Plants get more CO2 and the O2 seems to help, and exposure to air loads them up. 

Mad pearling after water changes.


----------



## Jayme (Nov 27, 2011)

As soon as I shut down the filter the fish and Amano shrimp start getting excited, I can only assume they know it's water change time.

The Amanos swim in circles around the tank and the water changer as I'm draining and then when I fill all the Rasboras happily swim in the current of the water changer.


----------



## LB79 (Nov 18, 2011)

I think it's the slightly different temperature, the absence of nitrate, and the high oxygen levels that get them going.


----------



## Complexity (Jan 30, 2008)

My fish seem to love water changes. I sometimes have problems with them getting too interested in the intake of the water changer, but I've learned that they don't get sucked all the way up so they seem to use it as some kind of toy to play with. They get inside and then swim against the current of water being sucked in.

The only time the fish aren't happy is when I start poking around the tank with the water changer, especially as the water level gets low. They'll be in one spot, and all of a sudden, here comes this big plastic thing directly towards them. They'll usually swim away from that!

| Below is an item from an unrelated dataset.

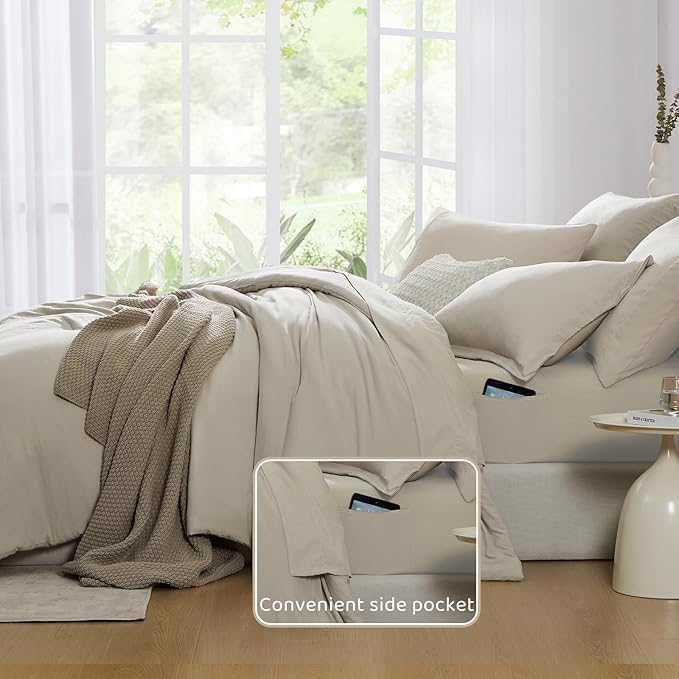 WRENSONGE Light Oatmeal Queen Comforter Set, 7 Pieces Soft Microfiber Comforters Queen Size with Fitted Sheet, Flat Sheet, 2 Pillow Shams, and 2 Pillowcases- Warm Bedding Sets Queen for All Season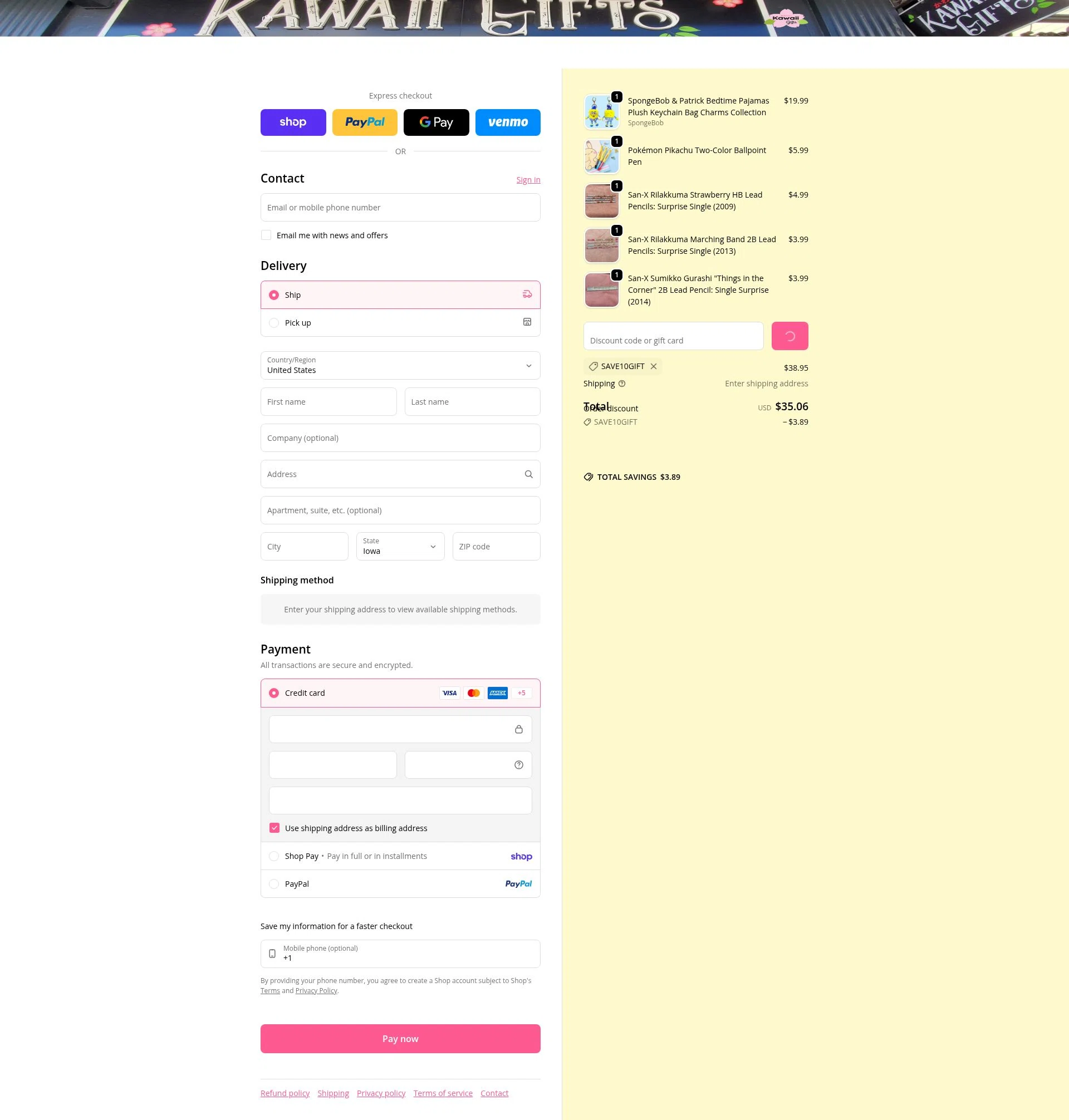 Kawaii Gifts checkout page showing Kawaii Gifts promo code box | Screenshot taken by SimplyCodes community member on Feb 1, 2026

But when I start adding the new water, they go nuts! They come from all over the tank to play in the current of the fresh water. I used to worry about the chlorine and chloramine in that water (Prime is in the tank, but it has to take a second to work), but none of the fish or inverts have seemed bothered by it. They often swim right into the water changer itself! I did a 60% water change on my 75g this morning, and the otos came running as if it was a convention! LOL!

I have also noticed that large water changes will trigger my Pelvicachromis to spawn, especially if it's been awhile since I've done a water change. Sometimes I'll do that on purpose. I'll wait 2-3 weeks and then do a 70% water change. Sure enough, within days, they've laid eggs.


----------



## plantbrain (Dec 15, 2003)

Shrimp often molt after a water change also, this is generally considered bad by some.

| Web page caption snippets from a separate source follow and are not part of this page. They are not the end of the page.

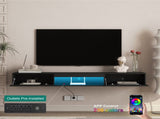 Floating TV Stand Wall Mounted with 16 Color LEDs,69" Modern TV Stand, Floating TV Cabinet W1321P300549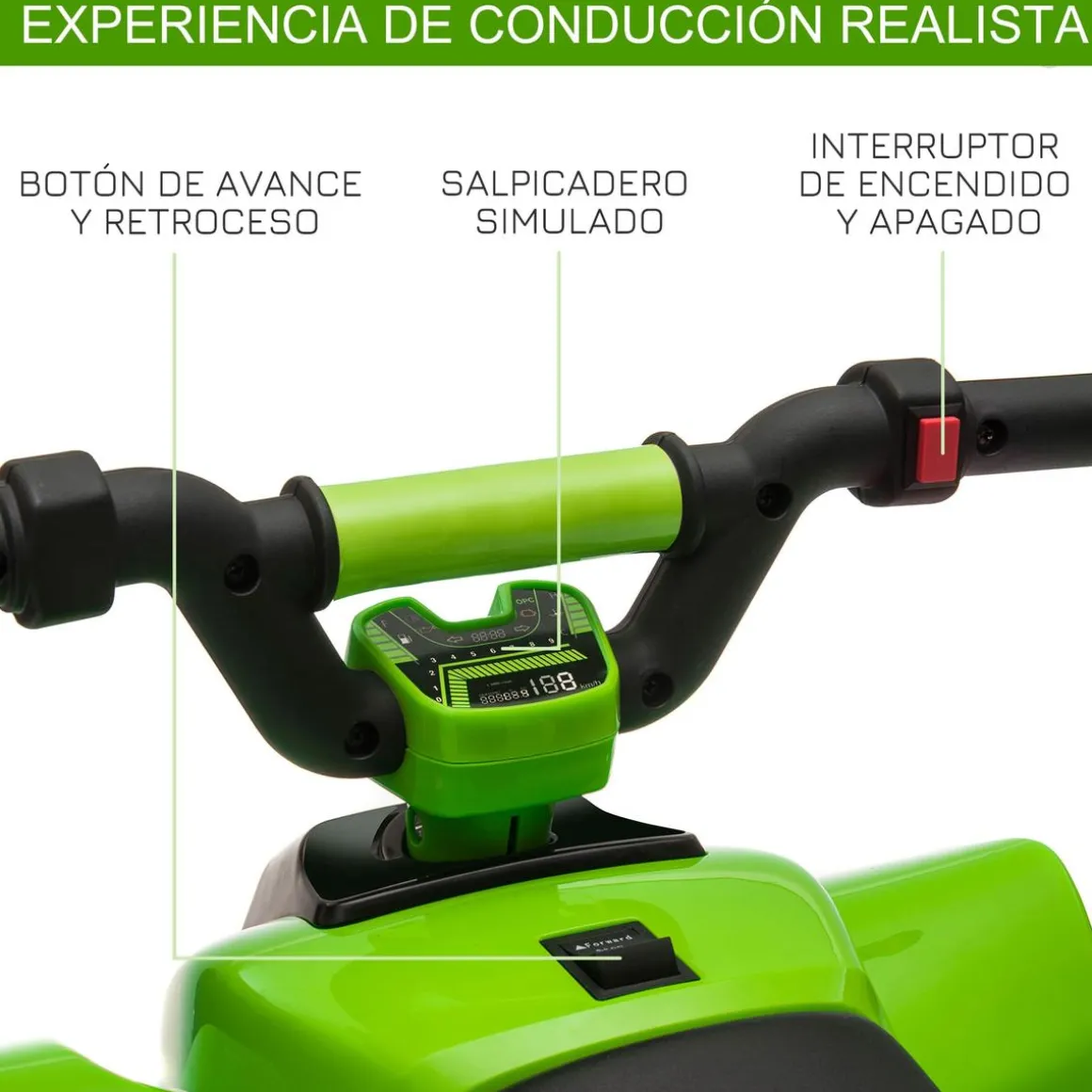 Homcom - Quad Eléctrico Batería 6V Verde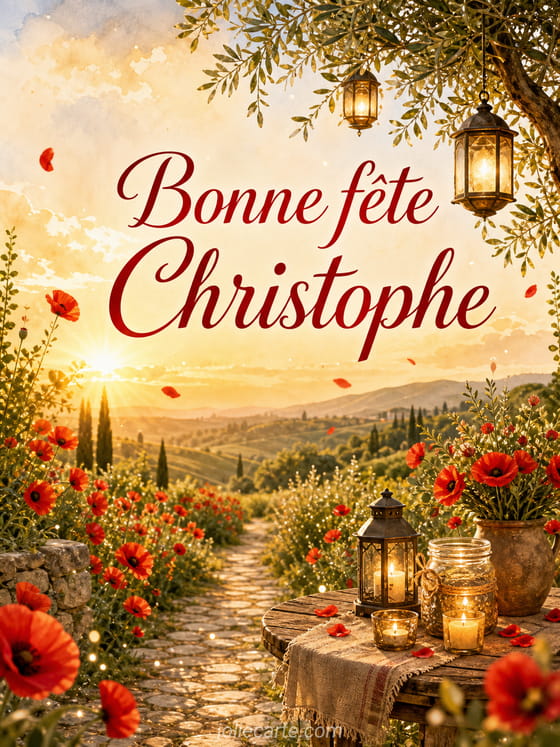 Carte bonne fête Christophe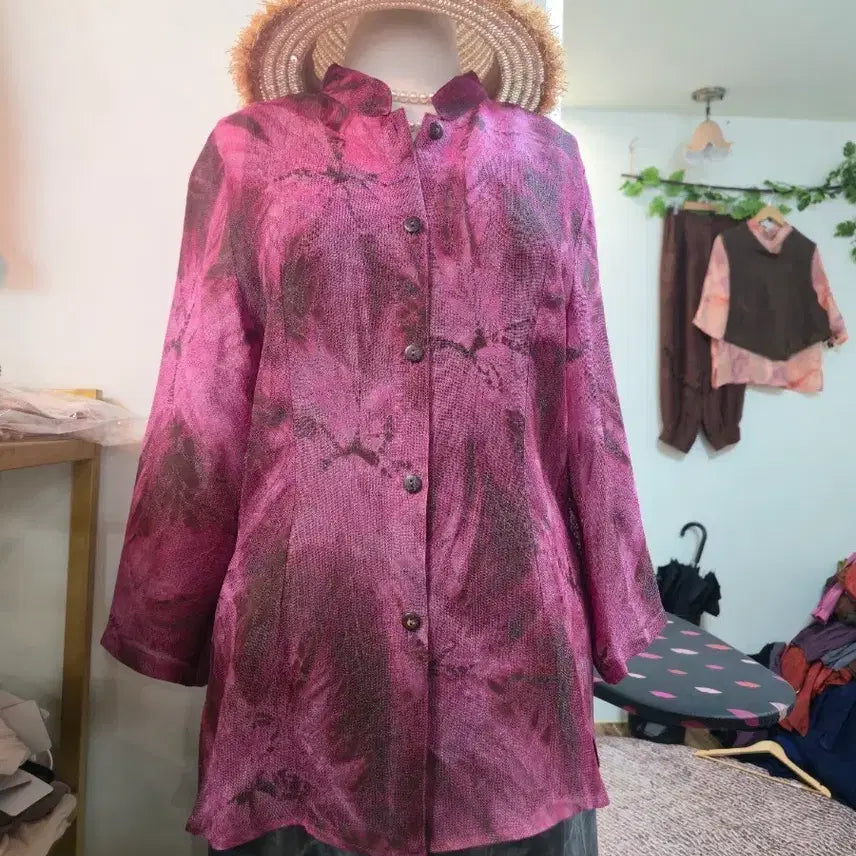 [BUNJANG] Natural Dye Rose Color Rayon Blouse / 천연염색 장미빛 인견 블라우스 (새상품)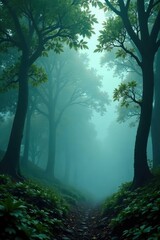 Obraz premium The canopy above is hidden in thick mist and fog, foggy, foliage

I'm not sure either way on that one.


----------



## Willamette (Jun 19, 2012)

plantbrain said:


> So the fish get a good O2 shot ....if you will.


Crackheads.


----------



## mitchfish9 (Apr 30, 2012)

Jayme said:


> As soon as I shut down the filter the fish and Amano shrimp start getting excited, I can only assume they know it's water change time.
> 
> The Amanos swim in circles around the tank and the water changer as I'm draining and then when I fill all the Rasboras happily swim in the current of the water changer.

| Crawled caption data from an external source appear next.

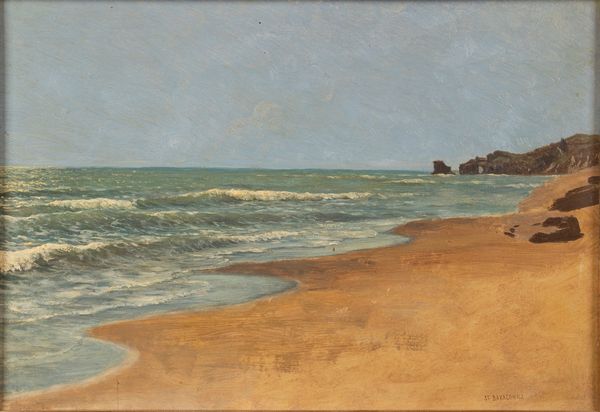 Stefan Aleksander Bakalowicz : Spiaggia assolata  - Asta Arte Figurativa tra XIX e XX Secolo - Associazione Nazionale - Case d'Asta italiane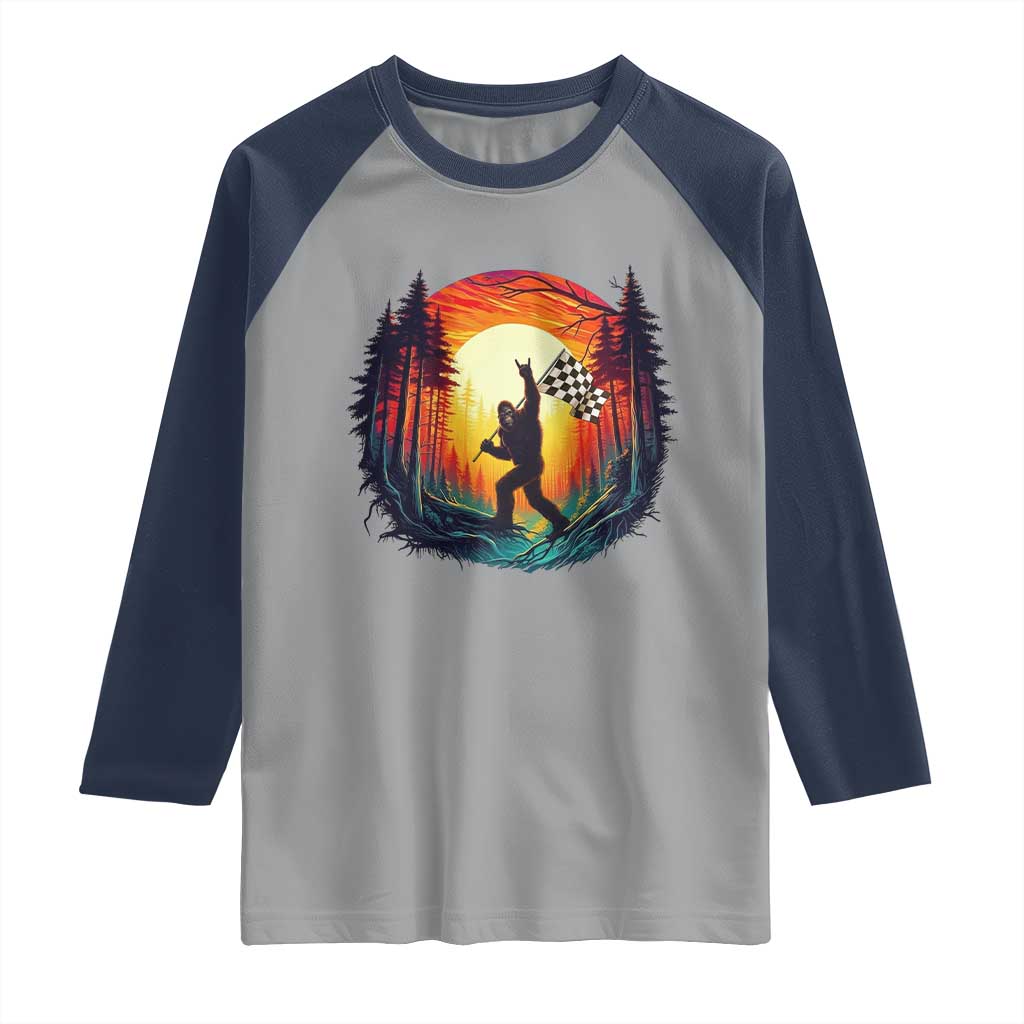 Bigfoot Racing Raglan Shirt Sasquatch Checkered Flag - Wonder Print Shop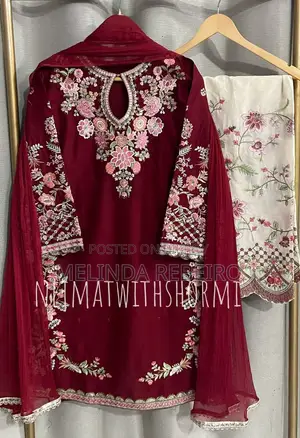Pakistani Inspired Stitched 3 Piece Kameez Set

Hahahahahaha my amanos do this too its pretty entertaining!


----------



## Unearthed (Jun 22, 2012)

My Mollies love to play in the new stream of water. My Cories are always swimming all over when I'm done...


----------



## JoeD323 (Sep 27, 2011)

I always do a water change with cooler water and the otos and cories love it. They all go into super forage mode, the cories usually either spawn or try to spawn depending on the female's mood. My old emperor tetras used to spawn every week right after water changes too. 

The only fish that don't seem to love the cooler water bath are the threadfin rainbows, they get real nervous until the whole thing is over and done.


Joe


----------